Never ate there but 5 Guys is a smash burger.  I assumed BG is talking the big thick tavern or pub style burger that is grilled and tastes like a steak.  Smash is like 3-4oz and pub is gonna be 8-10oz.  One key to my pub burger besides the extreme high heat is a rest in the oven set at 170F.  I'd say at least 30m but often times much more.  LOTS of carryover heat from a hot grill that will finish the interior.  Going back to high heat...  Go look up some of the fancy steak places and pubs and you will find they are using a salamander which is a high temp broiler.  A sear burner does the same and a typical grill ain't gonna cut it.


----------



## RiversideSm0ker (May 31, 2018)

I'm certain that the best solution to this is for all of us to head out to BG's and have him cook us burgers and then while we are there with a bucket of 80/20 we come up with the perfect solution through trial and error. Practice makes perfect right? Let's do this!

George


----------



## Binford 6100 (May 31, 2018)

I agree that a medium rare burger is best. Unless it's a smash Burger. 

I don't know about that whole fish sauce thing. But I'll mix in some Worcestershire sauce and always salt and pepper both sides on a pub style. A smash Burger only needs light seasoning on one side.


----------



## tallbm (May 31, 2018)

I prescribe to the simplicity approach and then working up from there.

Simply:


Get a pound of ground meat (80/20 or a little leaner if you like)
Start by making 3 patties about 1/2 inch in thickness then mush about a 1inch diameter divet/dent in the middle of the patties after they are made
Season patties with Salt, Pepper, Onion, Garlic to immediately cook
Immediately throw on a hot grill or pan or whatever after seasoning, do not wait!
Cook to your liking (medium, well, etc. etc.).  A general rule of thumb I learned is to cook for about 2-3 min then flip and cook for 2 min or so and then press down on patties with a spatchula when the liquid runs clear (as in without blood)  then they are ready if not cook a little longer and then press test them again.
That will give you a simple simple simple process and a fantastic simple seasoning/flavor for a GREAT foundation for burger making.
After this is about perfected begin to then tweak any of the 5 steps to your liking and see what improves the burger and what does not.

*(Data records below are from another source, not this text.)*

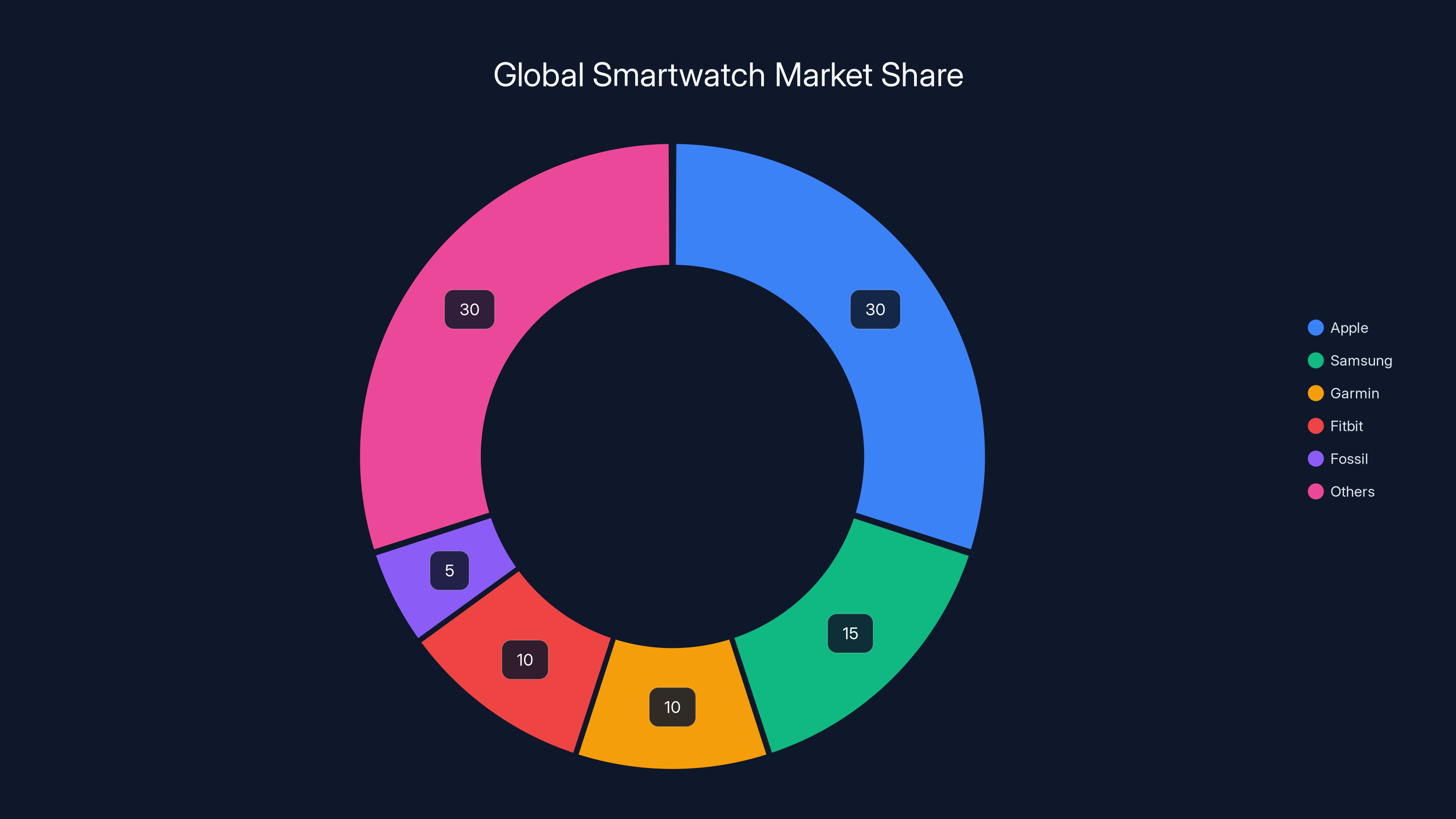 Global Smartwatch Market Share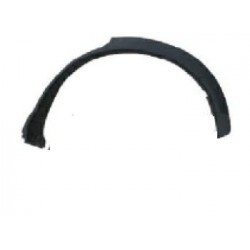 Giroparafango posteriore parte posteriore sx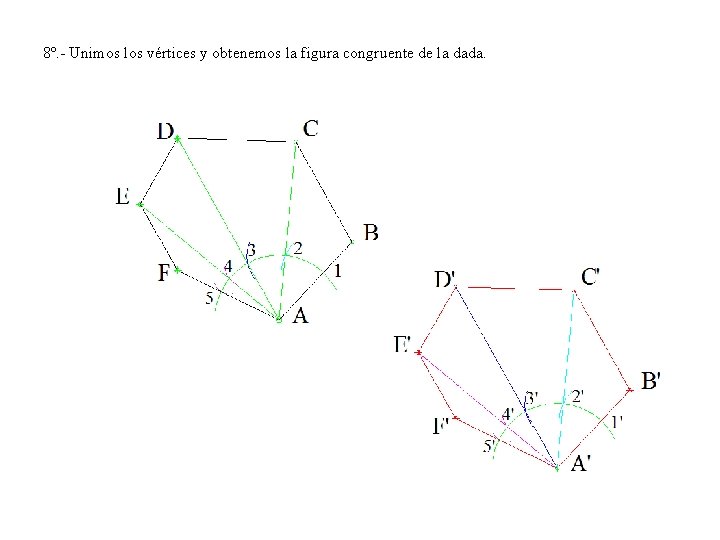 8º. - Unimos los vértices y obtenemos la figura congruente de la dada.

This is basically the way to learn to cook a burger.  Everything else with move involved steps or process, combination of flavors and seasonings, and whatever you can think of is just making the burger your own specific way :)

I've done this simple process with great success even on pure ground Venison (99% lean)!
I personally have my own tweaks but the simple steps above will never steer you wrong and it's easy to get back to a good foundational burger should any tweaks get out of hand :)


----------



## browneyesvictim (May 31, 2018)

I am just amazed by this thread. I mean burgers are just meant to be simple and uncomplicated. Don't get me wrong, I've been watching... in expectation to learn something new as I often do here on SMF. But the biggest thing sticking out in my mind is that everyone has their own idea of what a great burger is. There are several styles, and I like each one in their own rite. I like thin crispy sliders, but is just different- and just as good as a thick grill burger. However, that same grind will have a different texture, So what do you want? Hand formed patties, a press, or just the bottom of a plate work just as well no matter how thick you make them. Season before or after?  There is no wrong answer! For me, I will agree that simple is best.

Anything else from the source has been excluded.